> [EXERCISE GOAL] The records below are to be restated word for word, with every picture left out.
#### DATA EXTRACT ####
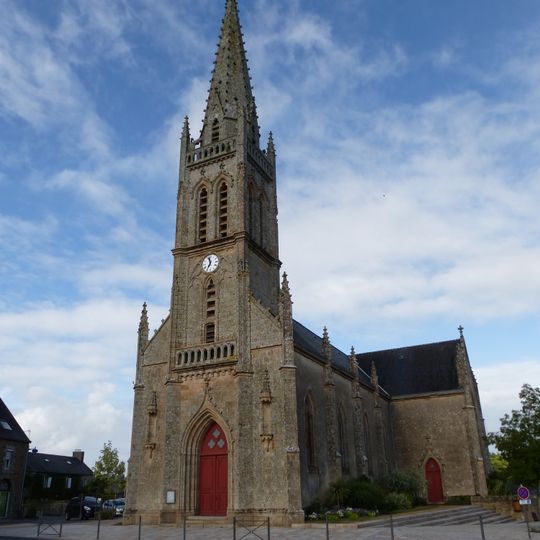 Église Saint-Pierre-et-Saint-Paul de Pluneret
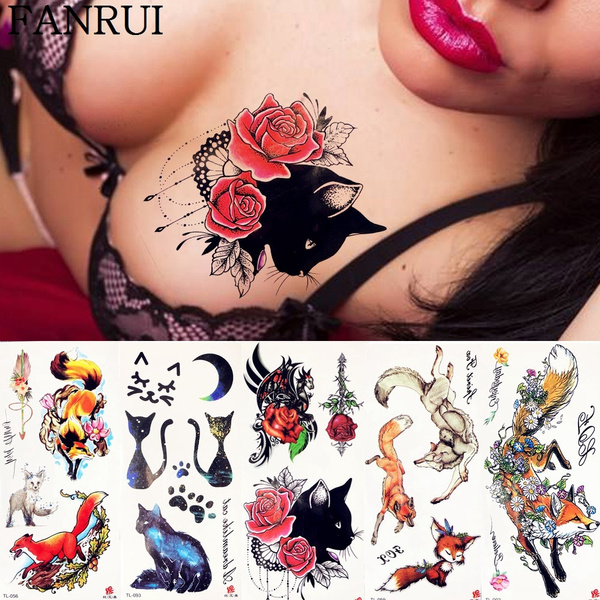 126 Woman Chest Tattoo Stock Video Footage - 4K and HD Video Clips |  Shutterstock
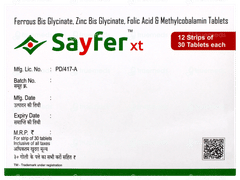 Sayfer Xt Tablet 30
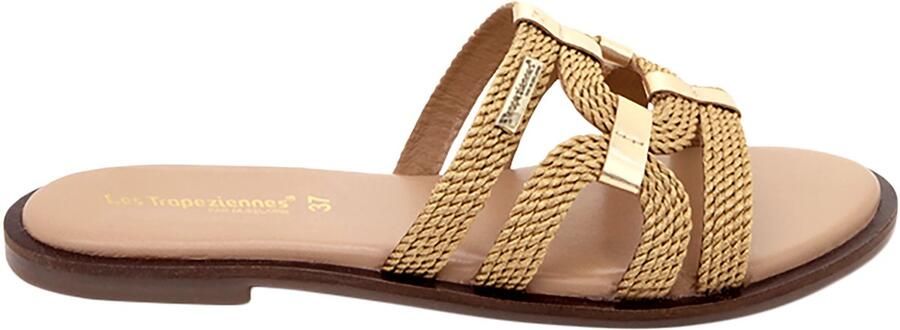 Les tropeziennes par M. Belarbi Leren sandalen Les Gina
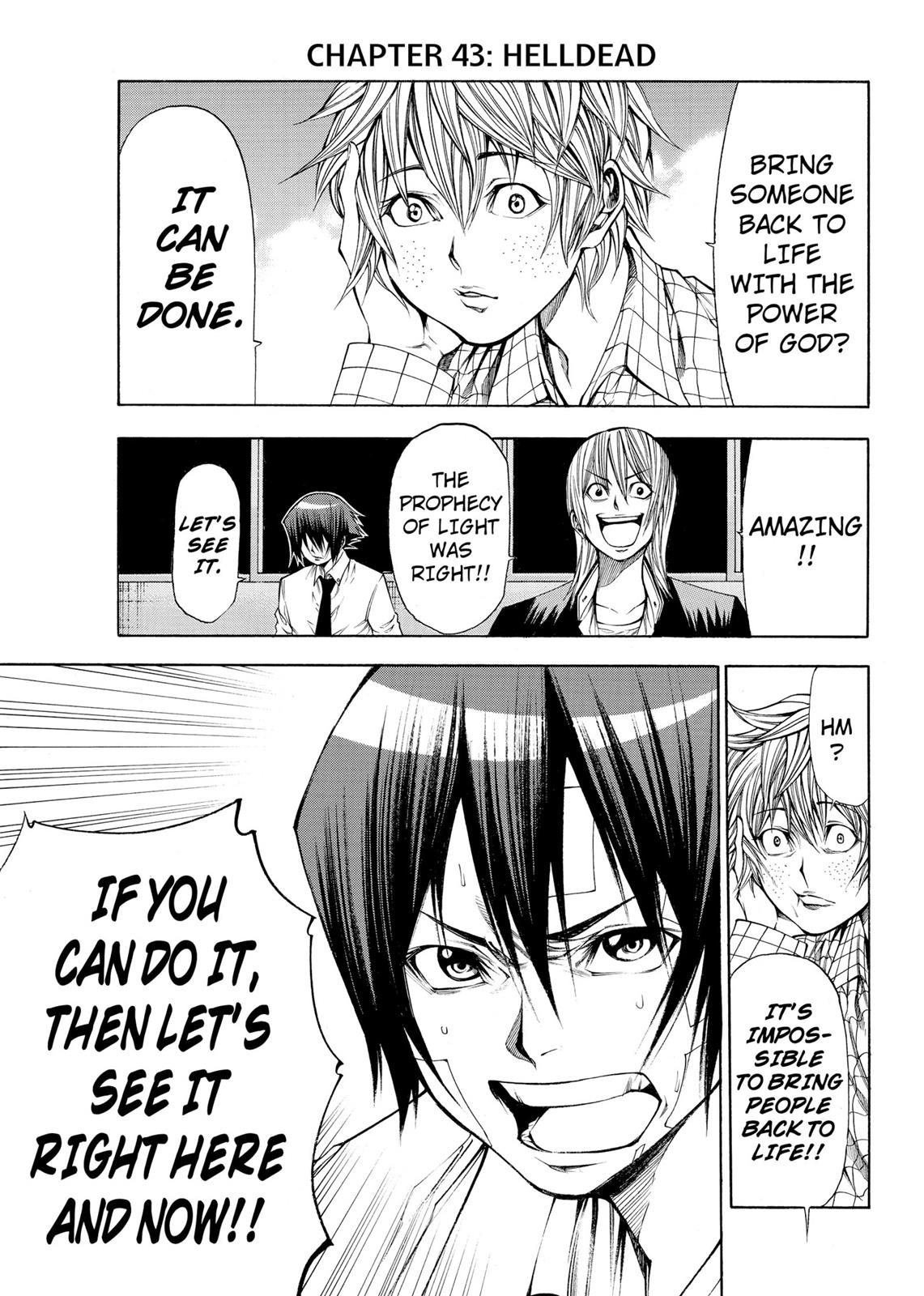Read As The Gods Will - The Second Series Manga Online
####
> [THE ANSWER]
 Église Saint-Pierre-et-Saint-Paul de Pluneret
 126 Woman Chest Tattoo Stock Video Footage - 4K and HD Video Clips |  Shutterstock
 Sayfer Xt Tablet 30
 Les tropeziennes par M. Belarbi Leren sandalen Les Gina
Read As The Gods Will - The Second Series Manga Online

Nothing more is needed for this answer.